Lately, I have been on a Japanese fountain pen kick. I can’t really describe it, but there it is. My most recent purchases included vintage Pilots, a current Vanishing Point, and a Namiki Falcon. As a result, I decided to branch out beyond the Namiki/Pilot line. But where to? Sailor? Platinum? Nakaya?

One bit that helped was that I decided I would not spend much above the Falcon metal body range. If a pen in that price range wrote so well, why exceed that price? After some looking, I started to focus on the Platinum 3776 line.
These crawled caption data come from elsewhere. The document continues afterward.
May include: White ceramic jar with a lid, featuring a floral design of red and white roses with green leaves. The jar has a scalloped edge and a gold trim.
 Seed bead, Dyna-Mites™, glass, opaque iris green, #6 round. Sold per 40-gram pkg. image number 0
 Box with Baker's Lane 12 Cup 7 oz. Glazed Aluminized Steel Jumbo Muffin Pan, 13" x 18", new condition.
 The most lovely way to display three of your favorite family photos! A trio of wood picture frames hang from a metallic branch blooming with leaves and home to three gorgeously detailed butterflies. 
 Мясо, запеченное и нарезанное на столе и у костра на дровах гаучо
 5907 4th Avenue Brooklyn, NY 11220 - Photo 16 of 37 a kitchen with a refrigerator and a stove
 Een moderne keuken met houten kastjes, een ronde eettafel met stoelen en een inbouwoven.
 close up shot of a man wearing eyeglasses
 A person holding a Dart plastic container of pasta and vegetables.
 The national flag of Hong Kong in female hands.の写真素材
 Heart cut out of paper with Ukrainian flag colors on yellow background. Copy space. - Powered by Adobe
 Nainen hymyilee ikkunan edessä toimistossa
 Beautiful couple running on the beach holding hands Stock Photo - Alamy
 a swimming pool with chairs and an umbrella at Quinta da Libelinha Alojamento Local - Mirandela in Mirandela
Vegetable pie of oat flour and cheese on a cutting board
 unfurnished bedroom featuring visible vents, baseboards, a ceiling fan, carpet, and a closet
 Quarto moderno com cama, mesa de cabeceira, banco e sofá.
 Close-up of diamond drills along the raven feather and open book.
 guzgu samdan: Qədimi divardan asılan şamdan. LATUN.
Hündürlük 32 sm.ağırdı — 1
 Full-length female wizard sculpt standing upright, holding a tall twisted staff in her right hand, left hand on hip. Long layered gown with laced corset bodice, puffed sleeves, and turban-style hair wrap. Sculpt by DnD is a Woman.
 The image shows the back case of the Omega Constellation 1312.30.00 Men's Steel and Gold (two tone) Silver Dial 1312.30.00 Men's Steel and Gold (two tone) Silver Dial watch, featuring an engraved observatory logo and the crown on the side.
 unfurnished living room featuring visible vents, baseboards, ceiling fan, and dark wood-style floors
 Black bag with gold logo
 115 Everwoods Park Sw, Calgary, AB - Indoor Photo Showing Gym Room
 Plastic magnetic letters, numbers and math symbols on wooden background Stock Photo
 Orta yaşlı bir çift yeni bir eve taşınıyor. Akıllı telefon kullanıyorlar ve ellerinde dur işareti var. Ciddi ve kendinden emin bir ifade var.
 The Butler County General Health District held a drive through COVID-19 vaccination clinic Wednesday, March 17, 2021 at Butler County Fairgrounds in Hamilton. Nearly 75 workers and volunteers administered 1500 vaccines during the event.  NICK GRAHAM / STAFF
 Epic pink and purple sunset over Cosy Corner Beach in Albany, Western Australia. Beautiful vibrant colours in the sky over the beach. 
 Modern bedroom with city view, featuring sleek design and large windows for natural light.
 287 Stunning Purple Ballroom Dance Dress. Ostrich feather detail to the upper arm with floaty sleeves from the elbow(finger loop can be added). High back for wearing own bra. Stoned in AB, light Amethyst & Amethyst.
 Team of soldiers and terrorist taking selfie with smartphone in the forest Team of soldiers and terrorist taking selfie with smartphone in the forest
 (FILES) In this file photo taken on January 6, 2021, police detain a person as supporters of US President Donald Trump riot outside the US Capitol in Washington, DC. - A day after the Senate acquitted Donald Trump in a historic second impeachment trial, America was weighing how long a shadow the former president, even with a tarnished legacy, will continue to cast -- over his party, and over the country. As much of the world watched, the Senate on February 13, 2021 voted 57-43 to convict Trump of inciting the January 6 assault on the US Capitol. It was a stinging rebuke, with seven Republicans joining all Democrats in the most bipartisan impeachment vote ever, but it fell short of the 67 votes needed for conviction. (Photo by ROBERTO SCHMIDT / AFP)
I got further intrigued by the Maki-e style fountain pens. Now, I had done my research, and I knew that I was not getting Maki-e artistry at a Wal-Mart price. But I was happy with the looks of the Phoenix and the inclusion of a semi-flexible 18K nib sealed the purchase.

maki band.jpg

Appearance and Design – The initial view was Wow! This is one nice looking pen! I like the double jewels and the gold appointments are well done – not too lite looking or too heavy. Like the Falcon, there is purpose in the looks without going overboard.

maki top.jpg

maki bottom.jpg

Design is a little harder to quantify. I liked the design of the pen; otherwise, I would not have not have purchased it. That said, I am not a big fan of using friction to hold the cap when posting the pen. Also, I have heard that some of the Maki-e style artistry could get rubbed off when posting. Having looked at how far the cap goes on when posting, I’d say it is a possibility. But I have not proven/disproven that. With these two factors, I give it 8 out of 10.

Construction and Quality – This is one of the lighter pens I own, coming in at slightly under 21 grams dry. It is as solid as my light-weight Mont Blanc, so I can’t be negative there. There are no seams I could see. I did find a blemish. While looking at the artwork closely, I noted one spot where it was applied over a fleck of dust. Now, I know one shouldn’t expect a whole lot for something well under 200 USD, but they could have given it a blast with compressed air before applying the art work!

Otherwise, everything works in as it should. The converter is nice looking with the gold-type finish and you get one cartridge with the steel ball. The dust fleck irritated me. 7 out 10

maki bottom.jpg

Weight and Dimensions – It is a light pen. It is also a relatively thin pen. My fingers tend to tire more with thin pens, so I typically don’t use them longer for a day before switching to a different pen. But I knew all that purchasing it, so I can’t ding it. Here it is next to the TWSBI 700 Vac. I give it a 10 out of 10.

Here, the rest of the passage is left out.